### Aim of the exercise
All that should appear is the run of lines from the one containing "круглые Галич" through the end of the records, each repeated exactly.

Short text fragments from websites:

=== Section Start ===

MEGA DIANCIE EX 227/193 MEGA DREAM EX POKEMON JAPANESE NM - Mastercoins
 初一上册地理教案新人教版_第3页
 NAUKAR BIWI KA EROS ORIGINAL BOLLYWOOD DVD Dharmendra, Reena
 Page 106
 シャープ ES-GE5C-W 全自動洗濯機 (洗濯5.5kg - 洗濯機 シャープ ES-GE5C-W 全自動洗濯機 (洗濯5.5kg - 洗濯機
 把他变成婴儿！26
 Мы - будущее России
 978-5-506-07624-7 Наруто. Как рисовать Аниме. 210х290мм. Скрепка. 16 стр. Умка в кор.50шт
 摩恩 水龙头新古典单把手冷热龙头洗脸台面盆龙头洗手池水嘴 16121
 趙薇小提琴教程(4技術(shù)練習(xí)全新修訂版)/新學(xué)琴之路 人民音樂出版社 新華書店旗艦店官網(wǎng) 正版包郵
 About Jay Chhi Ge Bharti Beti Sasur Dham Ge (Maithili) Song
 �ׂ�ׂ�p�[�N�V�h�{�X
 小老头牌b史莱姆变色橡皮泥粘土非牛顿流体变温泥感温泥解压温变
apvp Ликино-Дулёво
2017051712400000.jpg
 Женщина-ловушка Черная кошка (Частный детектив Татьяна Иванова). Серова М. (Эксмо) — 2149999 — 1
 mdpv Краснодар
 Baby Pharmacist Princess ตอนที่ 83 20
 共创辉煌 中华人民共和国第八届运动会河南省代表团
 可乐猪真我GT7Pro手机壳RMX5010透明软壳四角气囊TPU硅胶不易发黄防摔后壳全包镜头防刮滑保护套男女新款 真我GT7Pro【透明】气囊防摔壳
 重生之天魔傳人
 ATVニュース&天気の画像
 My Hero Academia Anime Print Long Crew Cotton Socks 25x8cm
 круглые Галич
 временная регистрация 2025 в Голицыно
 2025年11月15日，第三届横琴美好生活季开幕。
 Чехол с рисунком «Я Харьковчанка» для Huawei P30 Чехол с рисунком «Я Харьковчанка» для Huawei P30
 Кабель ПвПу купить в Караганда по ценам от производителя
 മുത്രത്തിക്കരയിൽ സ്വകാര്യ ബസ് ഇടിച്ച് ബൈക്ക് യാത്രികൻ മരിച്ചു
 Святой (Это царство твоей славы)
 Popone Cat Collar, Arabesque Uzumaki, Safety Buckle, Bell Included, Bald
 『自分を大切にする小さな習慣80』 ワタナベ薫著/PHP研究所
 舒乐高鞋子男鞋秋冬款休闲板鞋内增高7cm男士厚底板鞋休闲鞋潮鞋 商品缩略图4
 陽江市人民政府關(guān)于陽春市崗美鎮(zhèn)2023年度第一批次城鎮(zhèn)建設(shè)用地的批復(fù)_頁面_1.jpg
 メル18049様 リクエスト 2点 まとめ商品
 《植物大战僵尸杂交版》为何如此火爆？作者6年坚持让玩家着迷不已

=== Section End ===

### Exercise answer
 круглые Галич
 временная регистрация 2025 в Голицыно
 2025年11月15日，第三届横琴美好生活季开幕。
 Чехол с рисунком «Я Харьковчанка» для Huawei P30 Чехол с рисунком «Я Харьковчанка» для Huawei P30
 Кабель ПвПу купить в Караганда по ценам от производителя
 മുത്രത്തിക്കരയിൽ സ്വകാര്യ ബസ് ഇടിച്ച് ബൈക്ക് യാത്രികൻ മരിച്ചു
 Святой (Это царство твоей славы)
 Popone Cat Collar, Arabesque Uzumaki, Safety Buckle, Bell Included, Bald
 『自分を大切にする小さな習慣80』 ワタナベ薫著/PHP研究所
 舒乐高鞋子男鞋秋冬款休闲板鞋内增高7cm男士厚底板鞋休闲鞋潮鞋 商品缩略图4
 陽江市人民政府關(guān)于陽春市崗美鎮(zhèn)2023年度第一批次城鎮(zhèn)建設(shè)用地的批復(fù)_頁面_1.jpg
 メル18049様 リクエスト 2点 まとめ商品
 《植物大战僵尸杂交版》为何如此火爆？作者6年坚持让玩家着迷不已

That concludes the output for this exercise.